## What is needed
Every line from the one containing "this 640×480 image." to the end of the records below should be returned exactly; pictures are to be dropped.
──────── Provided material
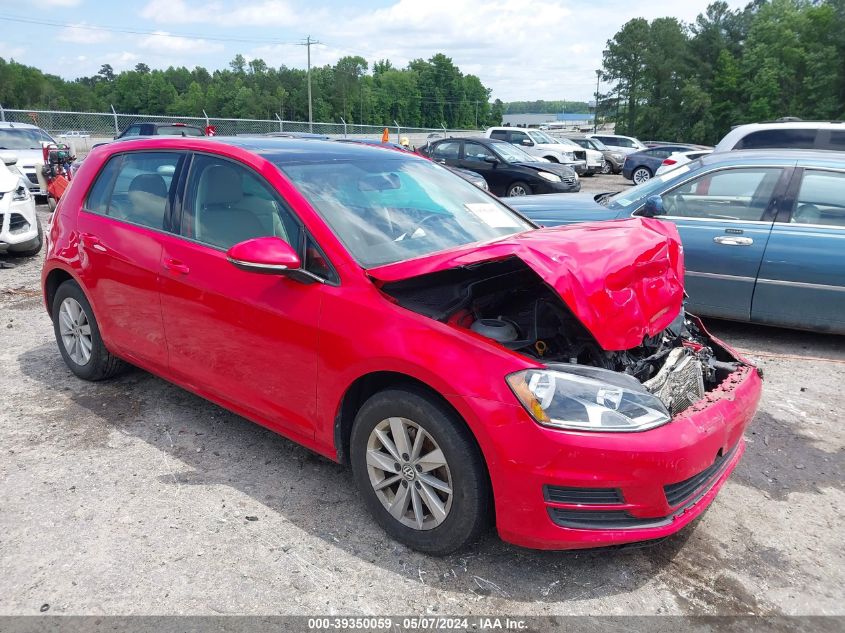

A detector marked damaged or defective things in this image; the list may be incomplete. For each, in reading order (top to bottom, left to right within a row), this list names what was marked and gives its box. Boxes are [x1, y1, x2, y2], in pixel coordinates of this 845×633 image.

crumpled front hood [370, 218, 684, 350]
damaged headlight assembly [504, 362, 668, 432]
damaged front bumper [458, 320, 760, 548]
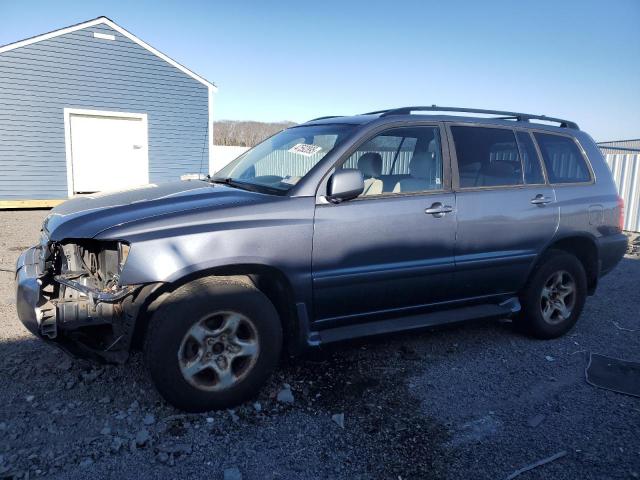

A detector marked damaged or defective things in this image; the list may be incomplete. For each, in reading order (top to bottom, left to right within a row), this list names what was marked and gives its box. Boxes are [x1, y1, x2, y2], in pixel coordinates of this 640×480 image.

front end damage [15, 236, 158, 364]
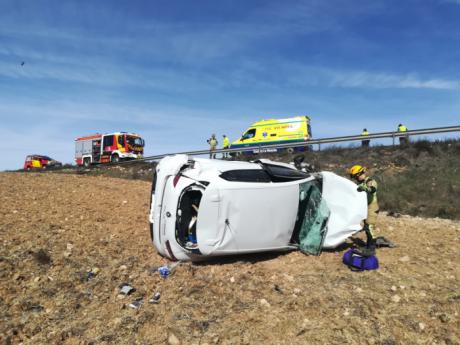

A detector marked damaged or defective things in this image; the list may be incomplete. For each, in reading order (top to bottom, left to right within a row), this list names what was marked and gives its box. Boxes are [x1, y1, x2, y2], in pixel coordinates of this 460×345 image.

overturned white car [148, 155, 366, 260]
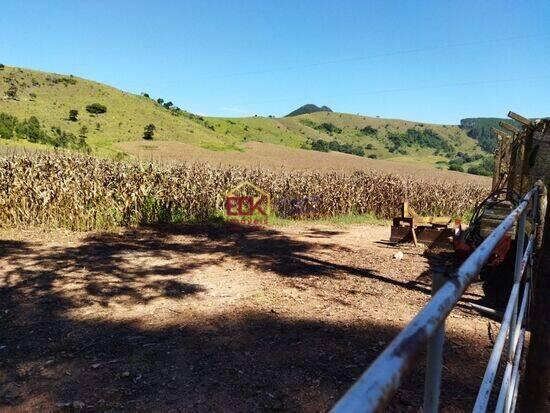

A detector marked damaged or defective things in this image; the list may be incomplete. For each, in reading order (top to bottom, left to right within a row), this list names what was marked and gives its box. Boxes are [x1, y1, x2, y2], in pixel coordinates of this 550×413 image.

rusty metal bar [332, 187, 540, 412]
────────────────
## Result of this exercise
A detector marked damaged or defective things in this image; the list may be incomplete. For each, in reading order (top to bottom, left to right within a row), this list names what was marked and gives its box. Boxes are [x1, y1, x2, y2], in pixel coordinates of this 640×480 image.

front end damage [15, 236, 158, 364]

A detector marked damaged or defective things in this image; the list may be incomplete. For each, in reading order (top to bottom, left to right within a row), this list names what was marked and gives its box. Boxes are [x1, y1, x2, y2], in pixel coordinates of this 460×345 image.

overturned white car [148, 155, 366, 260]

A detector marked damaged or defective things in this image; the list may be incomplete. For each, in reading order (top to bottom, left to right within a row), this list names what was marked and gives its box. Boxes are [x1, y1, x2, y2], in pixel coordinates of this 550×413 image.

rusty metal bar [332, 187, 540, 412]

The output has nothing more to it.